Implication for clinical practice

  • IB and SSB are capable of giving benefit to LU, regardless of their aetiology.
  • MSSB can improve wound healing cost effectiveness, pain and QOL in people with LU.
  • Patients with inflammatory diseases, including PAD, can heal their LU with modified compression through IB and SSB.
  • Healthcare professionals must be trained to achieve expected levels of compression to treat LU of different aetiologies.

Further research

We believe that additional research is necessary concerning the effectiveness of a MSSB with visual indicators. This research can aid healthcare professionals in enhancing the application of this type of CT for the treatment of LU without venous etiology. This recommendation stems from the observation that most of the research in this field has been conducted with 4LB in the context of VLU.

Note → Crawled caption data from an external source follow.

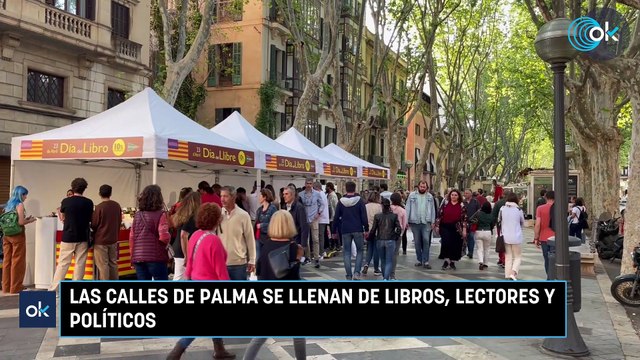 Las calles de Palma se llenan de libros, lectores y políticos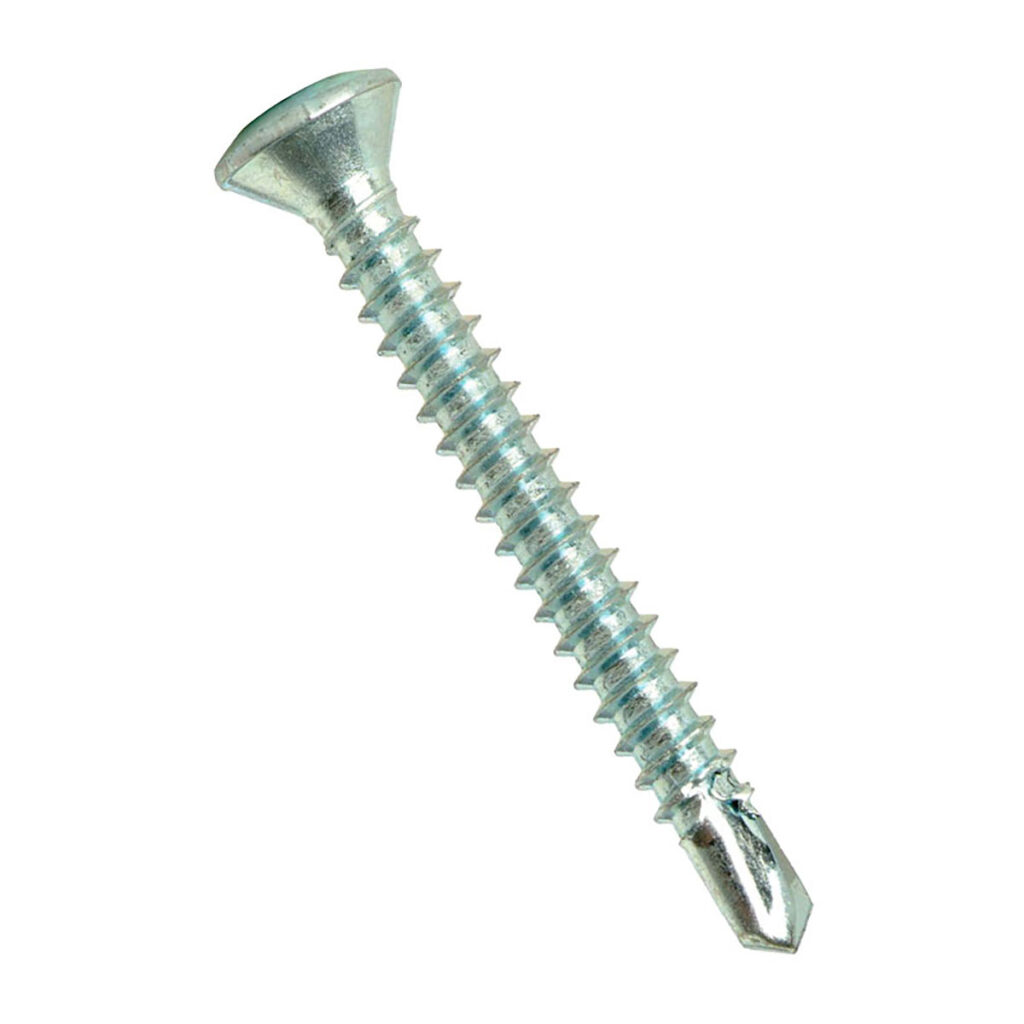 6 X 1-1/4" Oval Socket TEK Screw Zinc (Qty: 1000)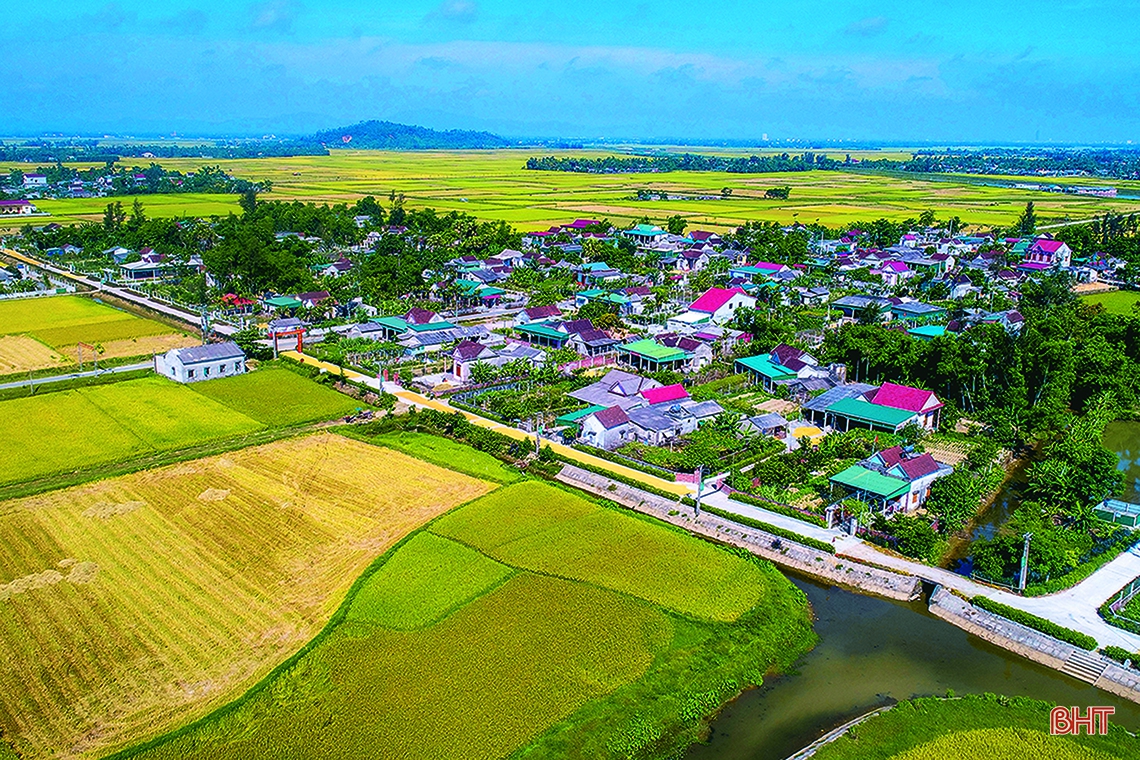 Động lực xây dựng Cẩm Xuyên thành huyện nông thôn mới nâng cao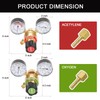 JZWELD Oxygen Acetylene Regulator Set, Welding Cutting Torch Regulators Oxygen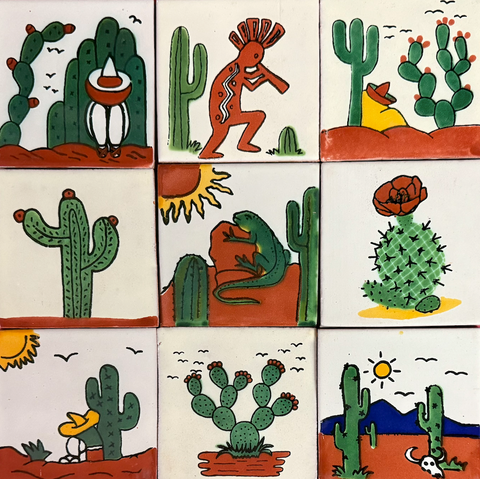 Southwest Mexican Talavera Tile Collection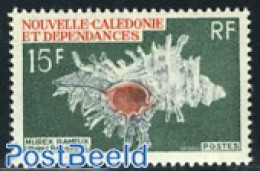 New Caledonia 1969 Stamp Out Of Set, Mint NH, Nature - Shells & Crustaceans - Nuevos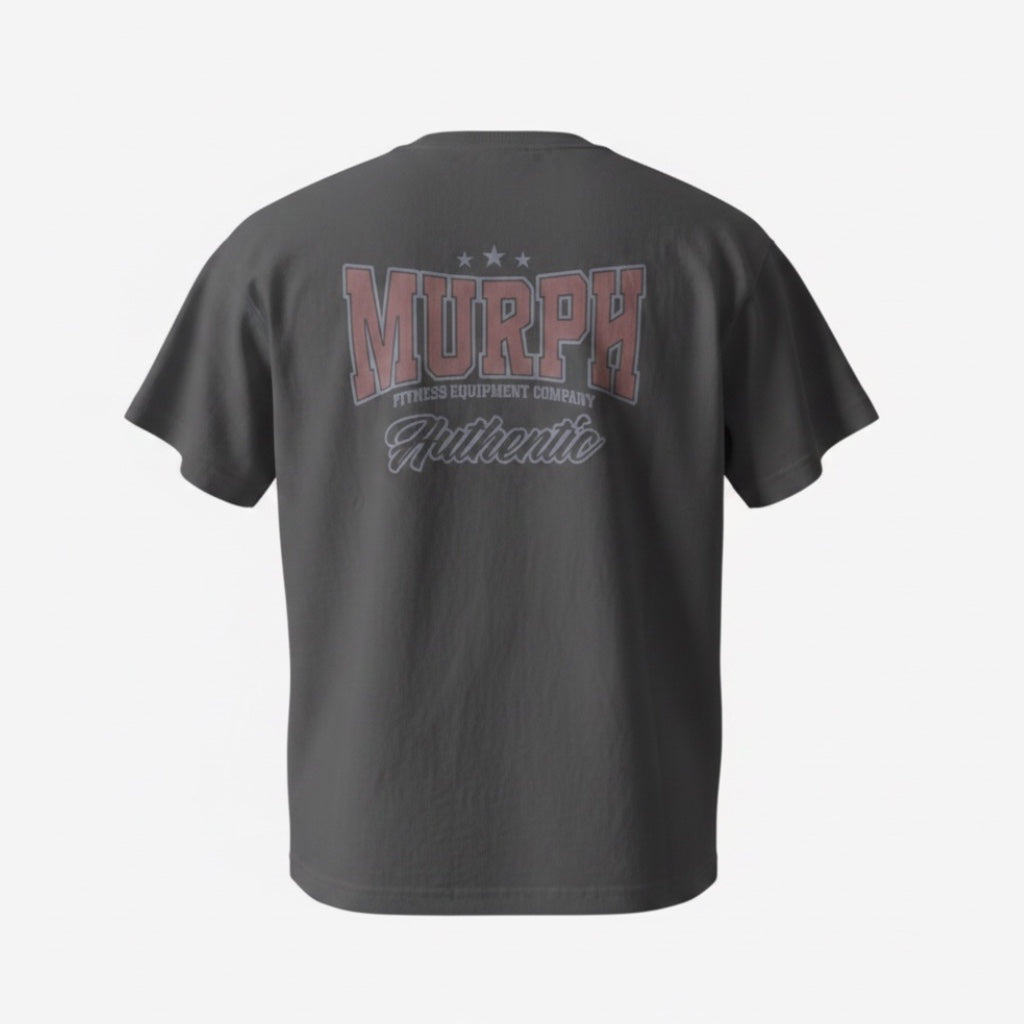 Oversized T-shirt MURPH - Authentic Charcoal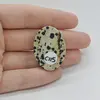 Cabochon Jasp Dalmatian 34x25x5mm C115, imagine 2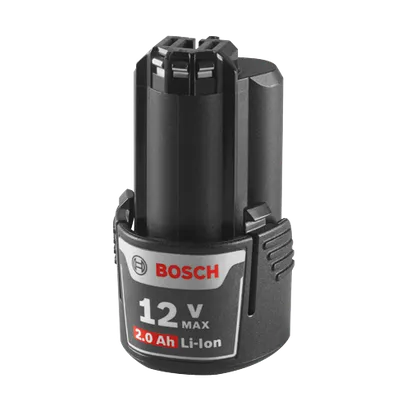 Bosch 12 V MAX 2.0 Ah Li-Ion battery.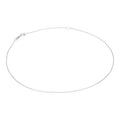 9ct White Gold Faceted Trace Chain Anklet 8- 10.5 Inches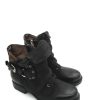 Calzature As98 | Anfibio Pelle Donna As98 259211 - Nero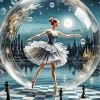 Ballerina In A Bubble Diamond Painting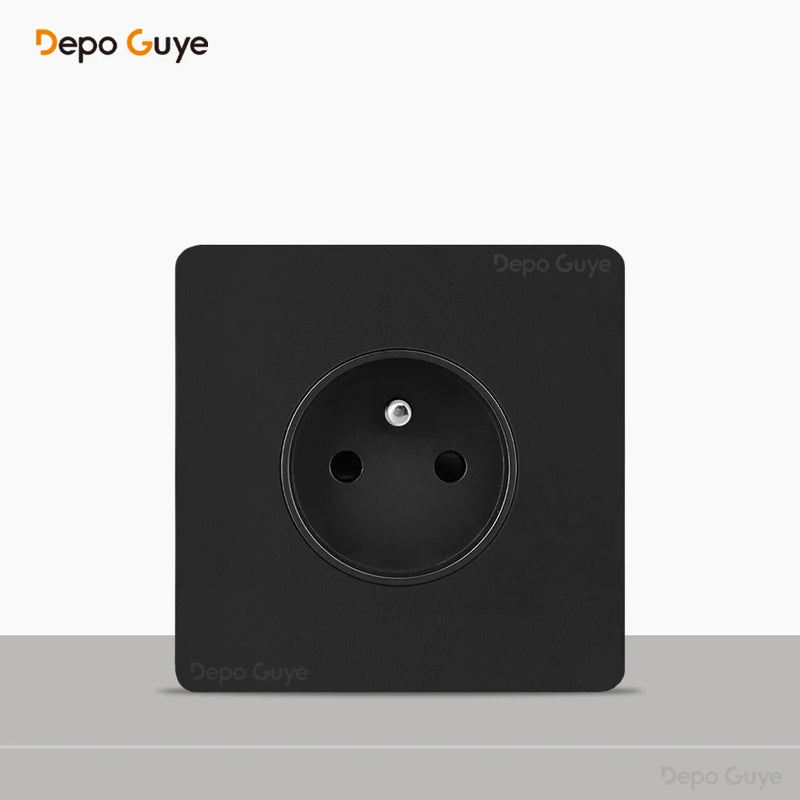 Retro Brass Lever Switch 1-4 Gang 2 Way Toggle Switch Panel Black EU RU FR Electrical Sockets And Switches USB Type-c Cat6 Rj45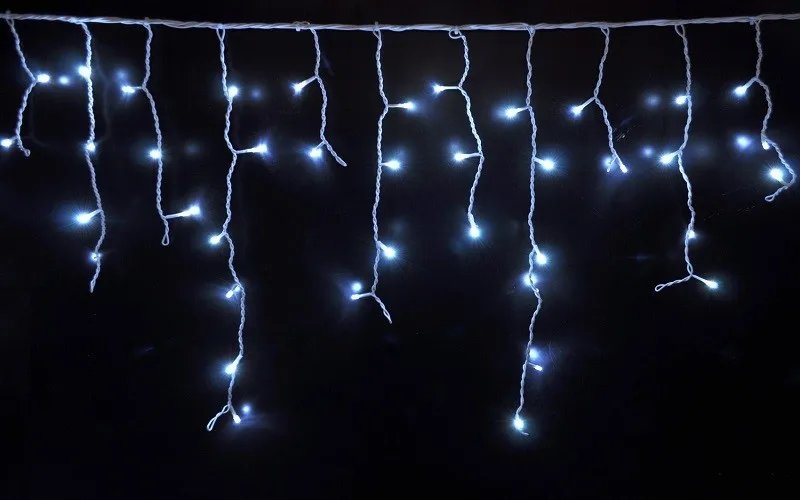 Led Dripping Icicle Christmas Lights For Exterior Christmas Decoration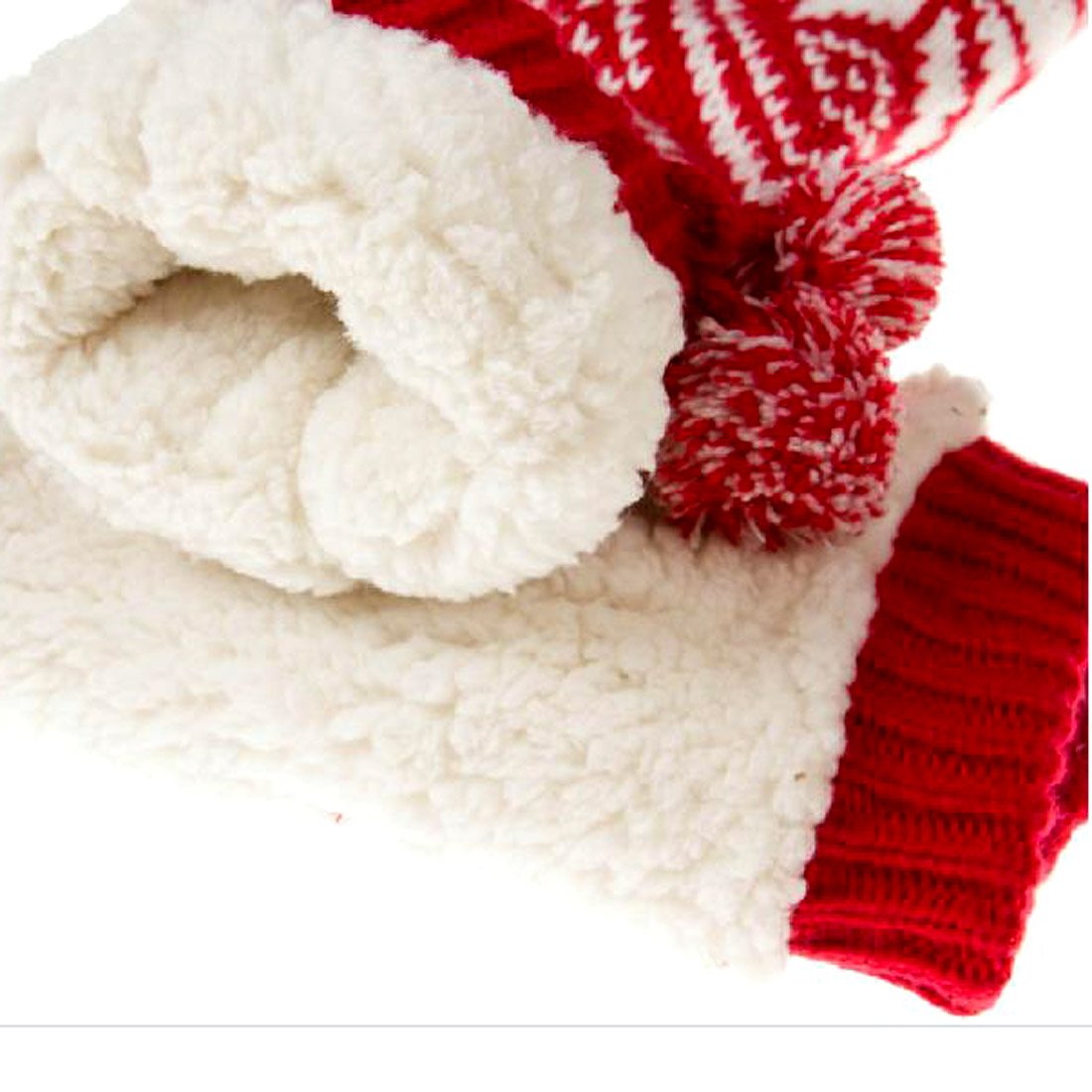 Cozy Women's Knit Stockings - Thick Plush Slipper Socks with Non-Skid Rubber Soles (Sizes 6-10) - Perfect for Winter, Home, Office & Relaxation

We would like to thank PhD Jessica Salvo Arias and PhD(c) Francisca Villagran Silva for the technical support, and Giselle Avila Gonzalez, Tamara Castro Pérez, and Cristian Valdivia for facilitate pictures of some of the clinical cases.

Ethical Considerations

All of the images included in this article have informed consent of each patient.

Conflict of Interest

The authors declare that one of them works for a laboratory that markets compression therapy products (Maria Fernanda Morales-Labarca), however, there are no conflicts of interest on the part of Claudia Ramirez Castro, who did not receive any funding during the writing of this scientific text


The authors received no funding for this study.


Maria F Morales-Labarca MTeach(HEd)1, Claudia N Ramirez Castro MHlthInstMgmt*2

1Wound Care Clinical Specialist and Compression Therapy, Essity Health & Medical, Chile.
2Clinical Training Coordinator and Networking, Medical Management Department, Coaniquem Chile.